Using eLabFTW as a flexible data entry system #4857

din14970 · 2024-01-16T15:28:42Z

din14970
Jan 16, 2024
Collaborator

Context & problem

I am sharing this because I think it will be recognizable for many research groups collecting lab data. Perhaps it can serve as an inspiration.

I currently work at an applied research institute, helping out research teams with various data related topics. A group in our chemistry department is working on lignin depolymerization and has problems with data management. Currently they record all their data across multiple Excel files on Sharepoint. This has the following issues:

Data quality is very bad.
- Inconsistency in naming (e.g. sample in one Excel is called 20L012, in another 20Lign0012).

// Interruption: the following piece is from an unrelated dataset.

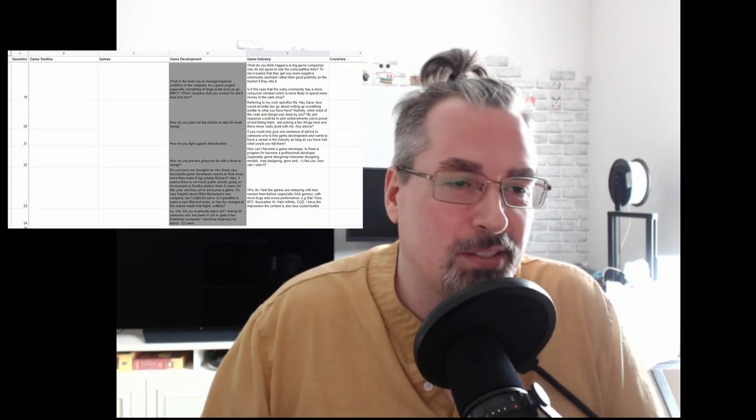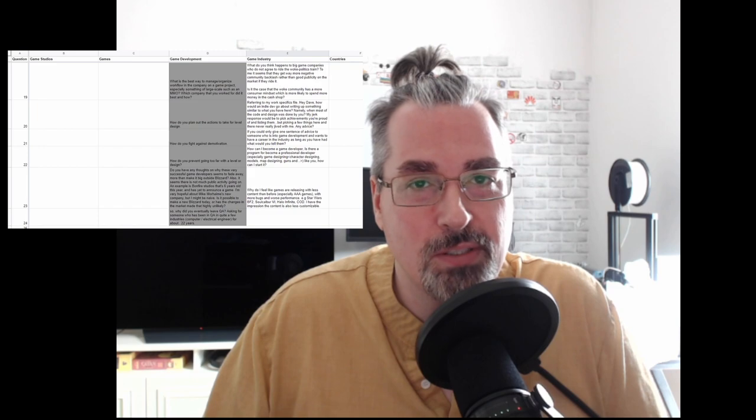Hello and welcome to Ask Dave Anything, a multi-part, perhaps ever-ongoing series where you get to ask me questions about game studios I've worked at, games I've worked on, game development, the game industry, or countries I've lived in. I've got a spreadsheet and when a column fills up to 25 questions I go ahead and answer them. Our first winner was game development, so let's answer some questions about game development.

This means that it is impossible to "join" tables. Essentially foreign key relations are managed manually, which is a bad idea.
- Different data types in the same columns ("95" vs ">95%")
- Inconsistency in using terms to represent the same thing, e.g. "not requested" or "not reported" ...
- Typos (capitalization, spaces, switched letters, ...)
- Non uniformity. Each Excel has a slightly different layout.
- One-to-many relations are often solved by splitting/joining rows.
- ...
High cost of boring overhead work
- Data must be manually copied from one Excel into another. For example, the sample characterization group returns their results in one Excel, which must then be incorporated into "the database".
- Managing versions and collaborating with multiple people is hard.
- Finding anything back requires opening all Excels and searching manually. The person managing this data often gets requests for sample suggestions based on a number of criteria, and she is tired of this.
Impossible to do any analysis on the data
- See bad data quality.

So essentially, a database is managed that can not be used as a database. One can not search or query it. One can not analyze the data. One can not be sure about the quality of any of the data.

Solution requirements

The team wants a better way to record data and keep track of samples, experiments and provenance relationships between them.
They want to ensure that fewer data entry errors can happen.
They want to be able to automate work.
They want to be able to search and query the data.
They want to be able to analyze the data.
They want something that is as accessible as Excel.
They want something flexible and fast.

The implemented solution, part 1

As I had prior experience using eLabFTW, and had similar issues when I was working as a researcher myself, I proposed we could pilot eLabFTW for their case. Since their data was quite structured I proposed to make heavy use of the recent metadata fields feature. We approached the problem as follows:

We sat together and made an initial design in how we would like to model "entities" in the workflow. Effectively this came down to thinking about relationships. What things are we tracking? What things are related to what? Are these one-to-one, one-to-many or many-to-many relationships? These entities would then map onto item and experiment templates. We came up with a data model that looks something like this:

Sourced lignins come in from external parties or suppliers. These are then depolymerized in various ways yielding a depolymerized lignin. There is a many-to-one relationship from depolymerized lignin to sourced lignin, which is why it is split into another item. At this moment we include the depolymerization conditions information directly into the depolymerized lignin template, but one might imagine that if depolymerization becomes very complex with multiple different protocols it may need to be split into a separate template. Characterizations are split out into experiment templates, although we may move this to resource templates in the future (since we discovered that experiments do not track which templates they originate from, and experiment templates are generally not admin controlled).
We defined how the metadata form in these items should look. I wrote a python library to interact with the API so I could create/update/maintain templates easily. I intend to open source this when I can split it from the case-specific code. Essentially, many of the forms map a column in the original Excels to an appropriate field. I maintain the JSON for these templates in my library code. Ultimately we end up with templates that look like:

Which render to (when filled in):

in view mode and in edit mode:

At this stage the researcher already has en environment to start recording new data. Notice that we use the newest feature of being able to link to other entities directly from the metadata.
Migration of the Excel "database". This was the most painful part of the exercise because it meant actually cleaning up the excel database and ensuring I am "filling in" the templates and links correctly. Another reason why I needed to write a Python library to assist me. In the end we now have a couple 100 items in the database, each entity corresponding approximately to a row in an Excel.
Automation. Part of their workflow is incorporating data they receive from the characterization team into the database. I created a CLI to convert this Excel and upload this data.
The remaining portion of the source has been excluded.